[Start of section]
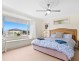 246 Penguins Head Road, Culburra Beach NSW 2540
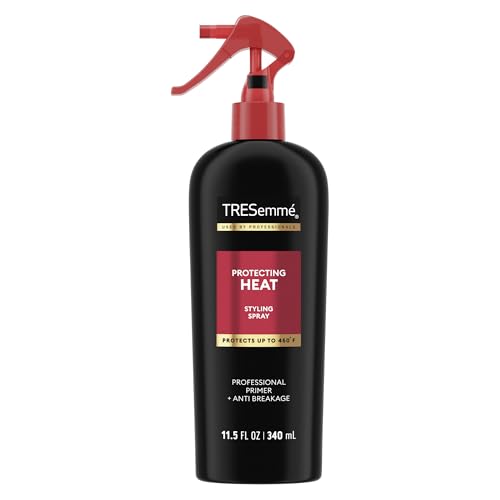 TRESemmé Protecting Heat Styling Spray 11.5 oz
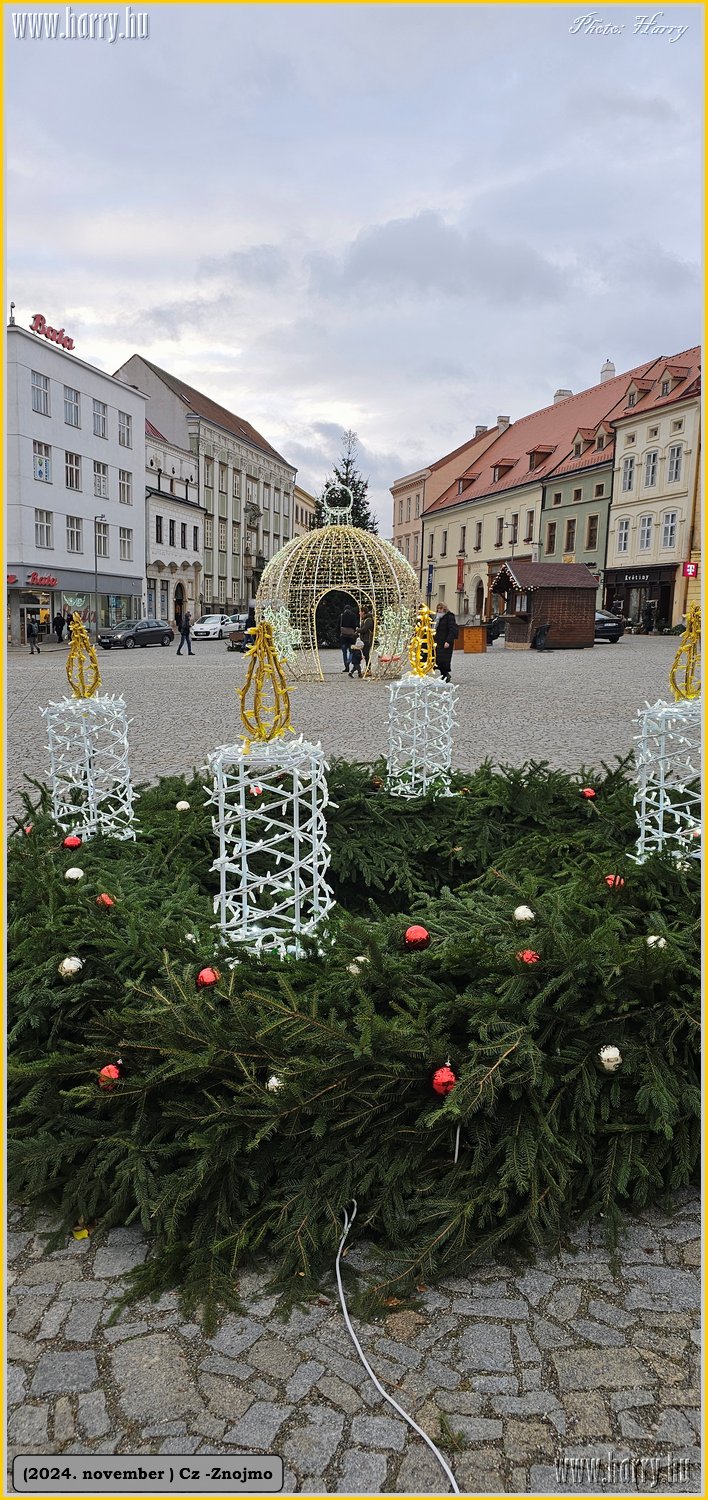 2024.11-Cz-Znojmo-040.jpg
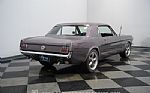 1966 Mustang Thumbnail 11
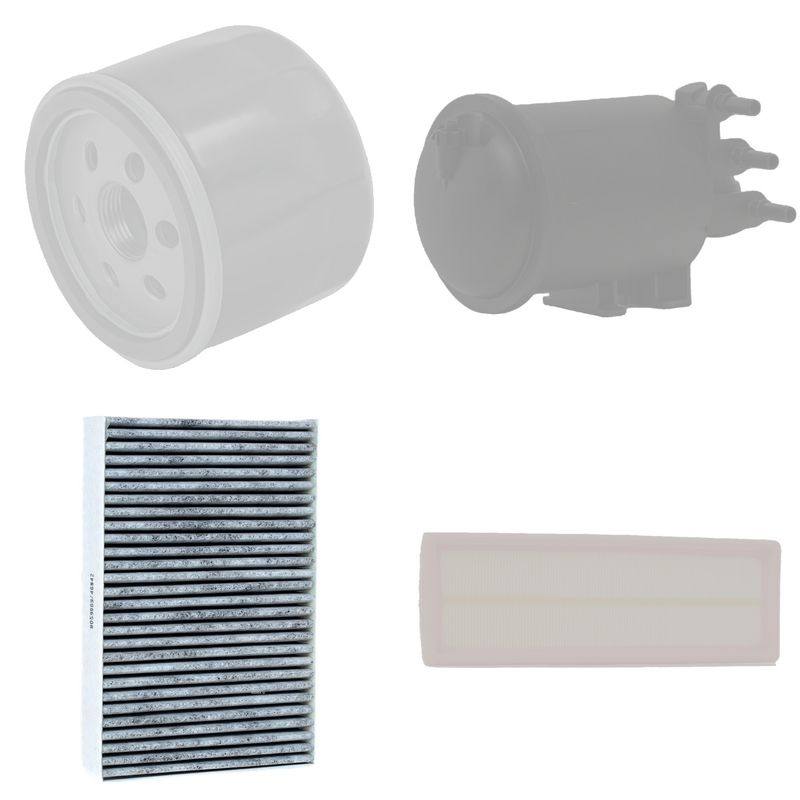 SUPP-6358-4055F29947 #1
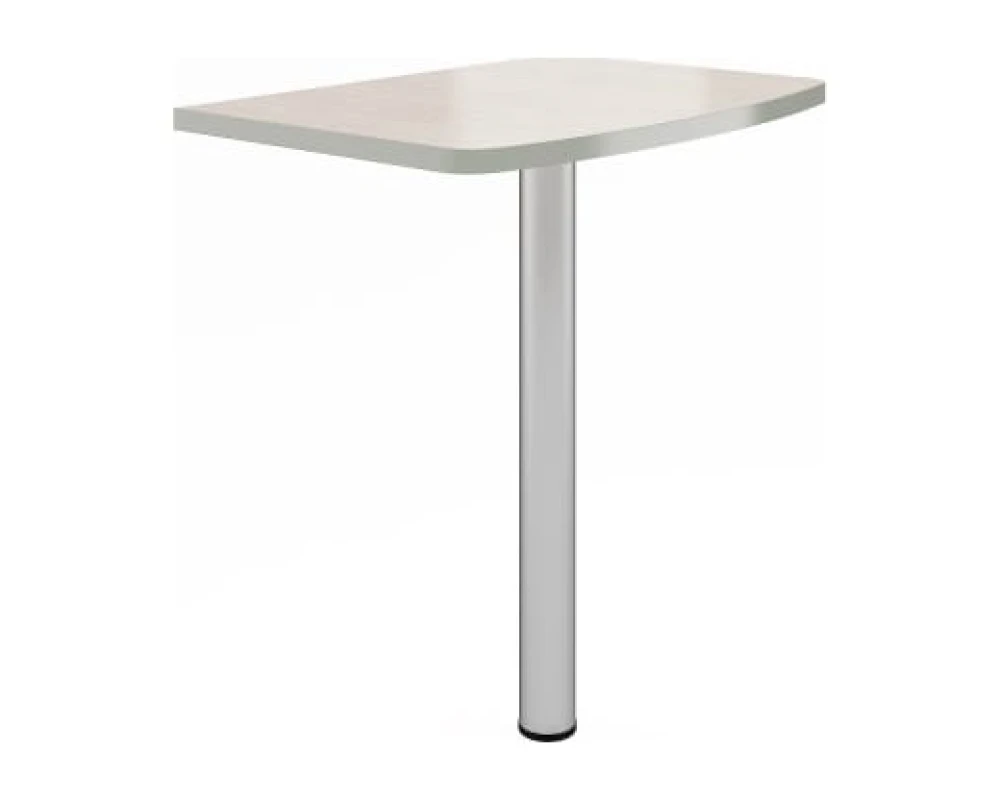 Приставка без опоры V-5.3 Vita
[End of section]
The data must be repeated exactly. Any pictures in it are to be left out.

PROBLEM SOLUTION.
 246 Penguins Head Road, Culburra Beach NSW 2540
 TRESemmé Protecting Heat Styling Spray 11.5 oz
 2024.11-Cz-Znojmo-040.jpg
 1966 Mustang Thumbnail 11
 SUPP-6358-4055F29947 #1
 Приставка без опоры V-5.3 Vita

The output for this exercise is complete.